Topic on Project:Support desk

Some pages index and other do not in CirrusSearch

15 comments • 22:28, 13 December 2022 1 year ago

15

Bruceillest (talkcontribs)

Running on Windows Server 2012R2

Product	Version
MediaWiki	1.32.0
PHP	7.2.7 (cgi-fcgi)
MySQL	8.0.15
ICU	61.1
Elasticsearch	5.6.16

Extension	Version
CirrusSearch	0.2 (b1fa4bd)07:47, 20 February 2019
Elastica	1.3.0.0 (9fcf88c)02:09, 11 October 2018

When I search I am able to populate information from some sites but not all. I did a &action=cirrusdump to most of my pages and I noticed that some of them gave me an output and others only showed this []. I ran the commands in the read me file and everything went through smoothly. I was wondering what extension/application is responsible for indexing the pages? is it ElasticSearch, CirrusSearch, or Elastica extension?

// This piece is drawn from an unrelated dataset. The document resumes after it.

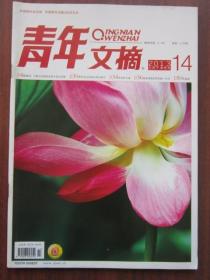 青年文摘 2013年14期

Knowing this information should help me narrow down what configurations to focus on.

Thanks

Reply 16:28, 16 August 2019 4 years ago

MarkAHershberger (talkcontribs)

I wasn't aware of the action=cirrusdump parameter. Do the pages that return [] show up in search?

Reply 20:32, 17 August 2019 4 years ago

Bruceillest (talkcontribs)

Pages that return [] do no show up in search. The other thing is when I first set this up No pages were showing in search until I added &action=cirrusdump to the page and initially it would return [] but after hitting refresh it would populate I guess what they call the JSON output (example below): But on the majority of my pages it will only return []. This shows me that whatever auto process that is supposed to run to do this is not running the only thing is what is the process that supposed to run this?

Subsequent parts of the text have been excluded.